Celebrating Black History Month at LHSC

A collage of four portraits of Black members of Team LHSC: Hilreth Jackson, Destiny Jackson, Dr. Jedrin Ngungu and Naomi Esume

February 1, 2024

Each February, Black History Month is recognized to honour the vast and storied history of Black Canadians and celebrate the many notable contributions they have made to enrich our society with their knowledge, culture and traditions.  

At LHSC, we are embracing this time to celebrate the exceptional achievements of Black Team LHSC colleagues. The health-care system is constantly improving, thanks to the work of Black physicians, researchers, staff members, volunteers and learners who work tirelessly to improve patient care experiences and health outcomes each day.

Throughout the month, we are featuring members of Team LHSC as we highlight their contributions to the health-care system.

“I am so grateful to the members of Team LHSC who are willing to share their personal journeys and reflections,” says Cathy Wood, Senior Director of Black Health at LHSC. “I hope this video series serves as an inspiration to others and provides an opportunity to educate people on the challenges, contributions, and triumphs of Black individuals in the health-care sector. By sharing these personal stories, LHSC is taking an active approach to dispel stereotypes, challenge biases, and create greater understanding among our colleagues and community.”

Hilreth Jackson 

Hilreth Jackson is a Registered Nurse who has been with LHSC for more than 30 years.  During that time, she has worked on the front line in the Intensive Care Unit and Nuclear Medicine cardiac sector.  

One of the many things that Hilreth enjoys about nursing is the opportunity to make a difference in the lives of the patients she serves. Among the photos of her grandchildren that are proudly displayed in her office, one will find drawings and thank-you cards sent from the numerous patients who have experienced her kind spirit and loving care.

Unfortunately, Hilreth has also had to endure discrimination, racism and bias throughout her career, and continues to experience these hardships today. However, she is determined to persevere and rise above hate with the values that have been instilled in her through family and culture. 

Dr. Jedrin Ngungu

As a young boy growing up in Zambia, Dr.
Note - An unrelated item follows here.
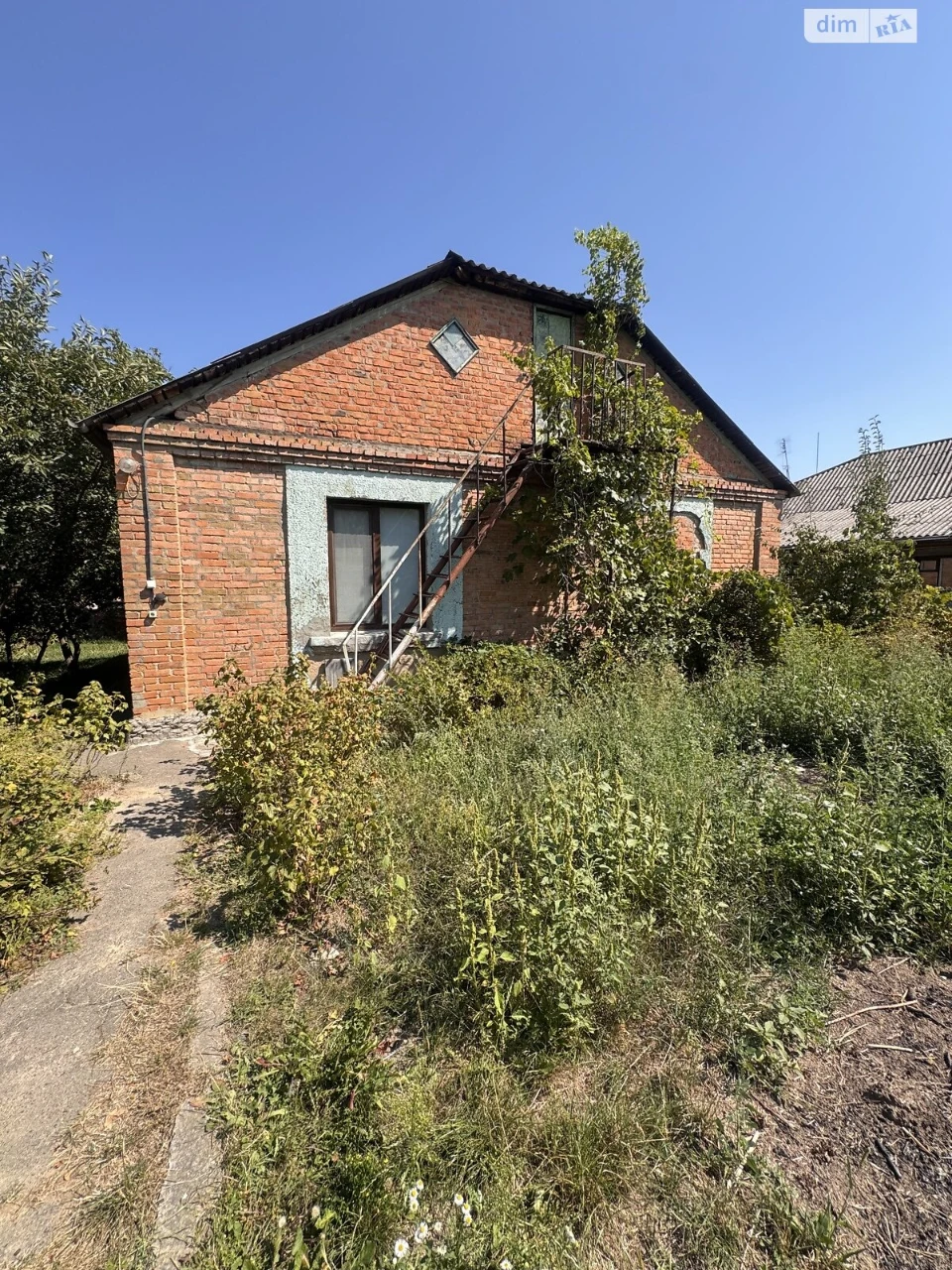 House for sale Staromisky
Jedrin Ngungu became interested in pursuing a career in health care after witnessing the positive impact that health providers had on family members who were receiving care.
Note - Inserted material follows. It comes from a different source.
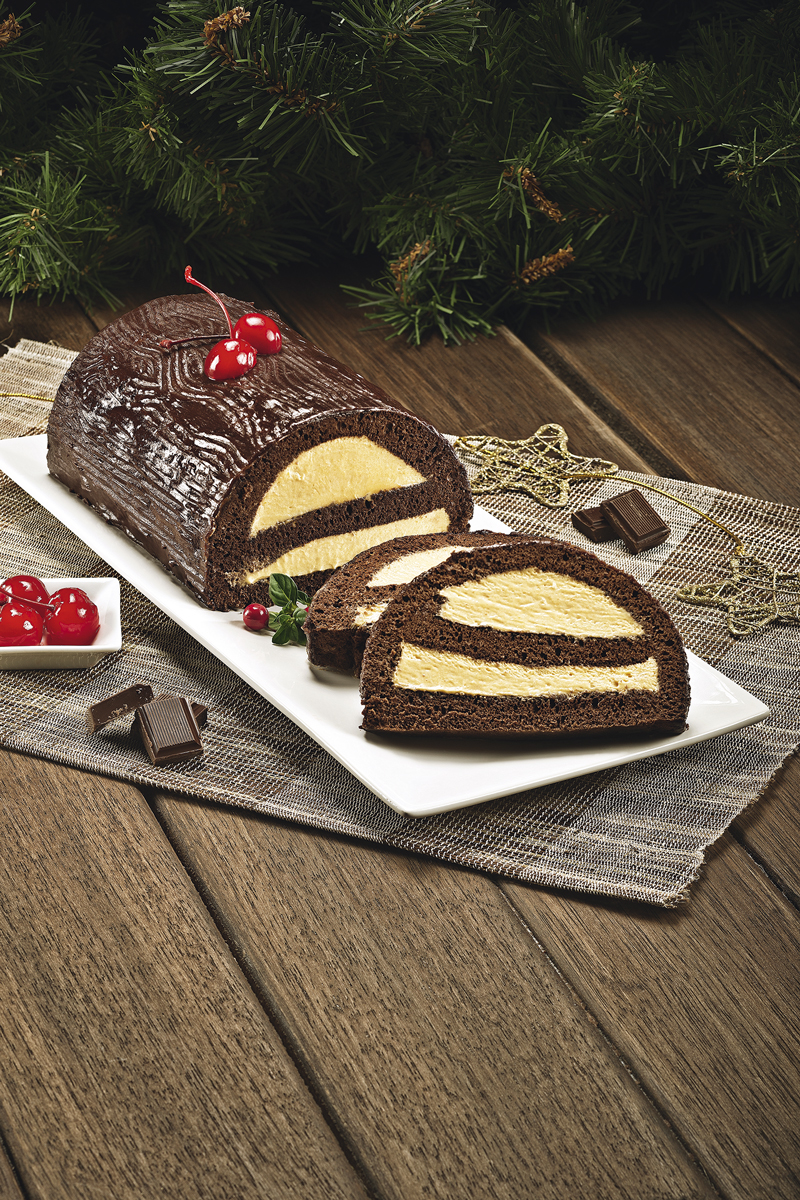 navidad Panetones postres dulces recetario formula brownies keke galletas pastel torta muffies quorum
Now, as the Medical Director of Psychiatry for the Psychiatry Liaison Consultation Service, Centralized Emergency Psychiatry Service, and Inpatient Psychiatry units at LHSC, Dr. Ngungu’s passion for helping others shines through when he speaks about the significance of community. He draws a distinct connection between the importance of community in Zambian culture and the impact that a strong support network can have in helping patients heal.  

Since joining Team LHSC in 2017, Dr. Ngungu has had a significant impact on LHSC operations. He led the initiative to launch a crisis and short-term inpatient mental health treatment unit and helped develop a framework for how his team works in collaboration with the Emergency Department. These important contributions to the organization have helped improve efficiency, care experiences, and health outcomes for the patients he serves. 

Destiny Gardiner

When Destiny Gardiner joined Team LHSC in September 2023, she knew she was coming to an organization that cares deeply about its employees and enables her to make a difference in peoples’ lives. As a Recruitment and Compensation Specialist in LHSC’s Human Resources department, she enjoys connecting with new people and helping them launch their careers.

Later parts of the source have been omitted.